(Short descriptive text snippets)

+++++

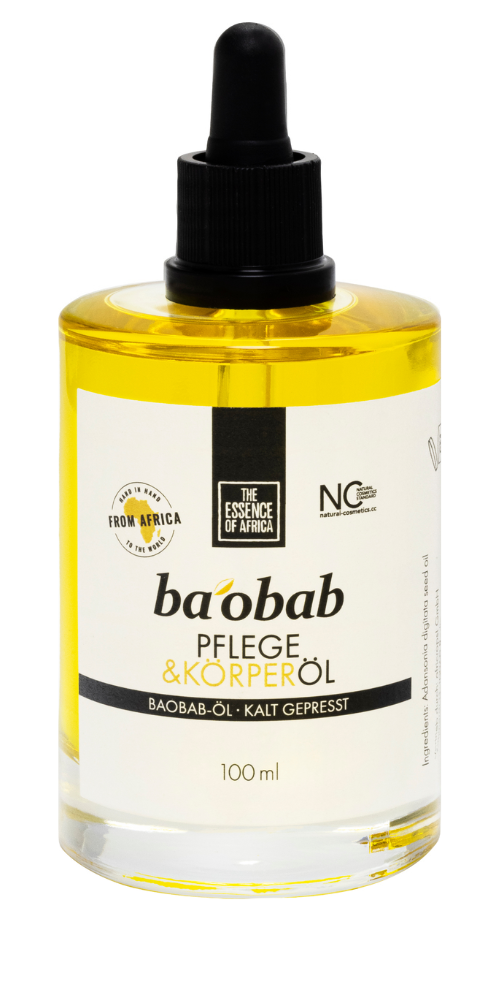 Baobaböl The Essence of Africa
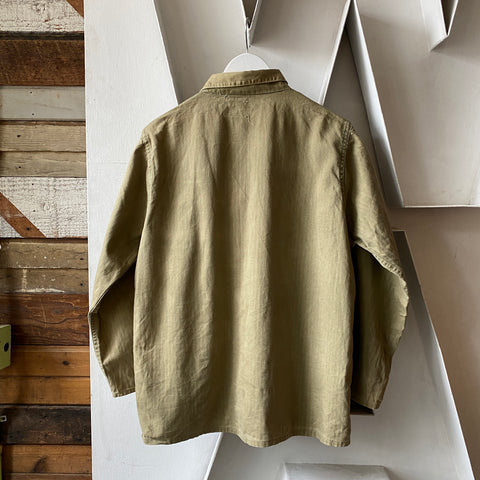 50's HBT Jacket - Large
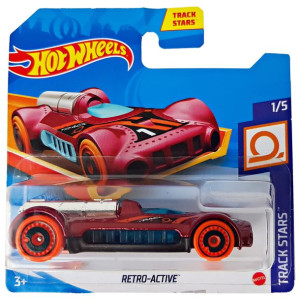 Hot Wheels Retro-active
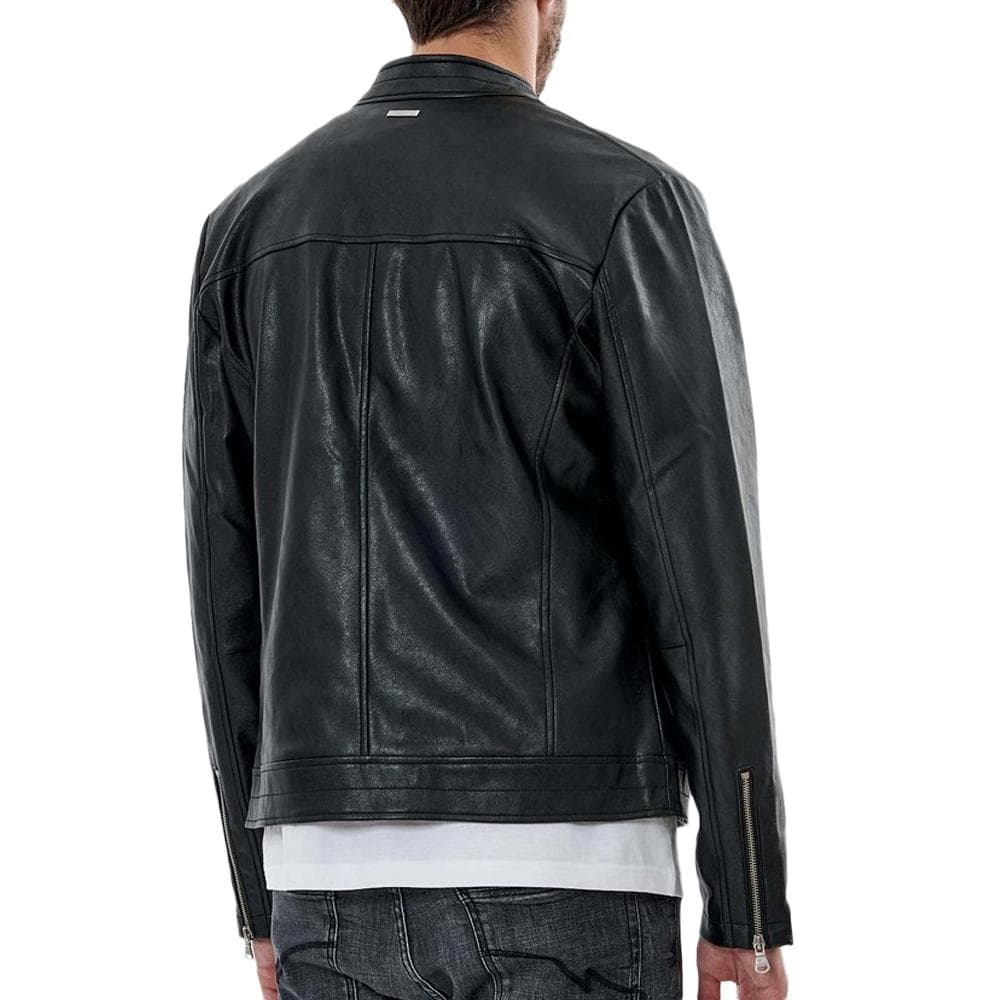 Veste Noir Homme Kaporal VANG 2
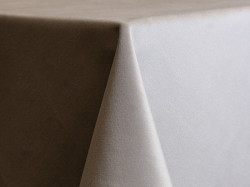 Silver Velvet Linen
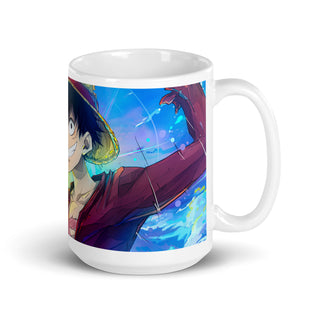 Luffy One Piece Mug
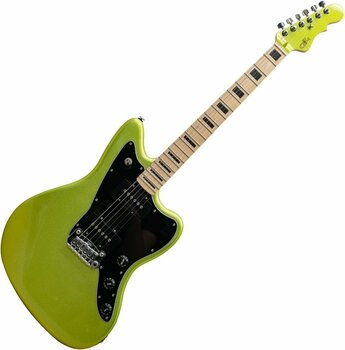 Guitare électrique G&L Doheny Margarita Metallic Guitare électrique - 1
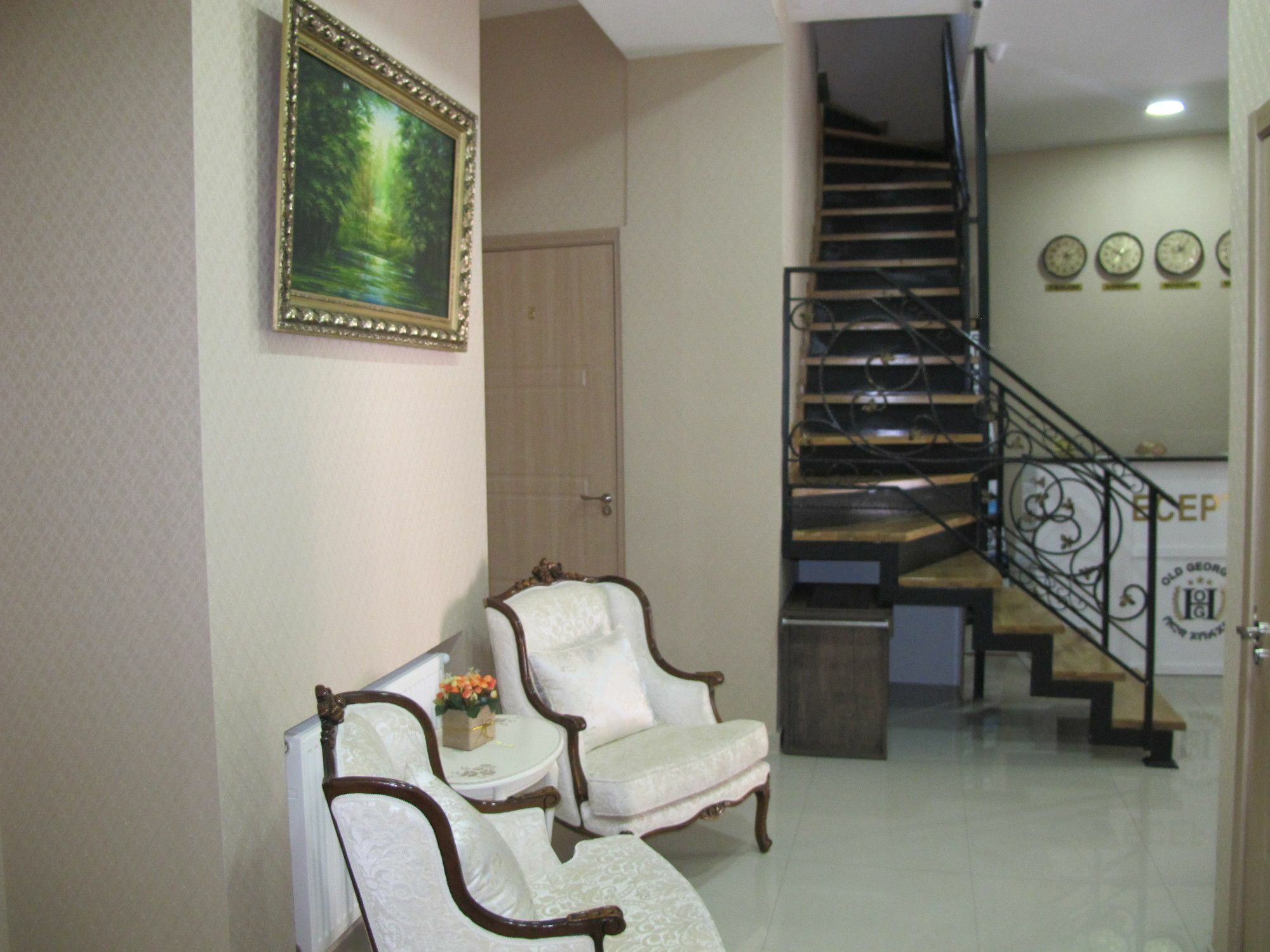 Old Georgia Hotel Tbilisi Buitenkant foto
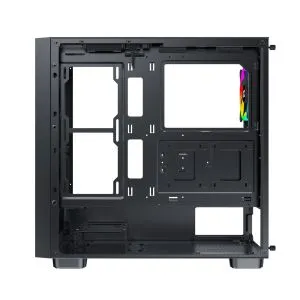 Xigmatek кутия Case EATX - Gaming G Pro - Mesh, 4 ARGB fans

+++++

PROBLEM STATEMENT: Give again, word for word, the line that contains "Old Georgia Hotel Tbilisi Buitenkant foto" and every line after it through the end of the entries; omit the pictures.

SOLUTION TO THIS TASK:
 Old Georgia Hotel Tbilisi Buitenkant foto
 Xigmatek кутия Case EATX - Gaming G Pro - Mesh, 4 ARGB fans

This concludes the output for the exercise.